As a rule, the less funny a comedy is, the more likely we’re going to see a blooper reel during the credits. The father of the blooper reel is stuntman-turned-director Hal Needham, who spotlighted Burt Reynolds messing up lines and cracking wise in the end-credits sequences for movies such as “Smokey and the Bandit II” and “The Cannonball Run.”

Burt Reynolds and Sally Field in “Smokey and the Bandit II.” | Universal Pictures

Burt Reynolds and Sally Field in “Smokey and the Bandit II.” | Universal Pictures

Perhaps the most tone-deaf gag placement of a gag reel: After the beautiful and provocative and sly and elegiac “Being There” (1979) with an ending that invited thoughtful and passionate debate, we were shown a scene of Peter Sellers repeatedly flubbing his lines in a scene that wasn’t in the final cut of the movie. Sellers was reportedly furious at the studio for undercutting the movie with the cheap stunt.

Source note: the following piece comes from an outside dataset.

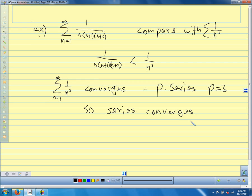So we didn't have to do partial fractions — we just had to pick a decent series to compare with. The denominator is the same magnitude as 1/n³, just with a few extra terms. I really like the way the direct comparison test makes you think about the quantities and how they're related, and it helps you make connections between the different tests and types of series.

We’ve experienced tasty cookies in movies ranging from “School of Rock” to “Ghost World” to “Star Wars: Episode 1 — The Phantom Menace” to the “Harry Potter” movies to countless Pixar films to “Saving Mr. Banks,” but by far the most highly anticipated and most obsessively dissected cookies of the 21st century are created in the Marvel Universe.

One of my favorite Marvel cookies was the “Iron Man 2″ after-credits scene, set in New Mexico. Agent Coulson gets out of a car and observes a giant crater buzzing with activity.

He pulls out his phone and says, “Sir, we’ve found it.”

Zoom in on a close-up of … THOR’S HAMMER.

Too great. Sure, it’s really nothing more than glorified advertising but still: too great.